В исполнении Марией Гай партии Сантуццы было примечательно только то, что меццо-сопрано с такой невероятной легкостью справлялось с сопрановой партией. Но по ее верхам в партии Амнерис нетрудно было догадаться, что это для нее не проблема. Исполнение же было типично веристским.
Из концертных выступлений Марии Гай мне запомнились просто, без всякого «шика» и без нажима спетые народные испанские песни и необыкновенная кантиленность в романсе А. П. Бородина «Для берегов отчизны дальной».
3
Итальянские спектакли в Петербурге шли в такой мере по старинке, в «подборных» декорациях и вообще в убогой обстановке, что говорить о режиссуре не приходится. Спектакли эти на 95 процентов состояли из давно запетого репертуара. Они были похожи один на другой, и сценическими деталями их расцвечивали сами артисты в зависимости от своих талантов. Остальное сводилось к разводке на места, за которой наблюдали В. К. Травский или Доменико Дума. И тот и другой часто бывали антрепренерами
<Стр. 159>
краткосрочных предприятий как в Петербурге, так и «на вывоз». Дума (в закулисном просторечии Доминик Антонович) очень любил русскую музыку и хорошо ее знал. После Октябрьской революции вернувшись в Италию, он усиленно пропагандировал русскую оперу и русских певцов, привлекая их для участия даже в спектаклях «Ла Скала». Ему итальянская сцена обязана, в частности, постановкой опер Н. А. Римского-Корсакова, вплоть до «Сказания о граде Китеже».

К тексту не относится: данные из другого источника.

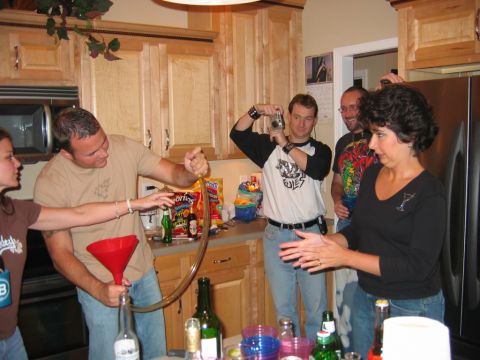 1985 Ford LTD Crown Victoria - A group of people are in a kitchen, with one person pouring a drink using a funnel and tube.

Некий перелом начался в 1911 году, когда за организацию итальянских спектаклей наряду с владельцем каменно-дробильных мастерских Гвиди взялись русские антрепренеры И. П. Артемьев, А. Р. Аксарин, В. Д. Резников и другие.
Они усилили массовые коллективы, по возможности улучшили постановочную часть, рискнули отказаться от приглашения знакомых, в некоторой степени уже надоевших Петербургу знаменитостей. За ничтожными исключениями появились совершенно новые солисты — молодые, полные сил и пытливости, но при этом тоже обладатели чудесных голосов и по крайней мере наполовину последователи прекрасной итальянской школы пения.
Драматическими тенорами итальянские труппы не блистали, лирико-драматические Карасса и Пиитуччи несли свой репертуар вполне корректно, из лирических выделялся Пальверози, о котором уже сказано выше. Лучше всех были первоклассные баритоны Рапизарди, Страччиаре и Стабиле, которого я не слышал.
Первый после нескольких спектаклей буквально пленил весь город. Сам красавец, голос — красавец. Уверенное, невзирая на молодость, и тонкое исполнение, отличные сценические способности сулили ему блестящую судьбу.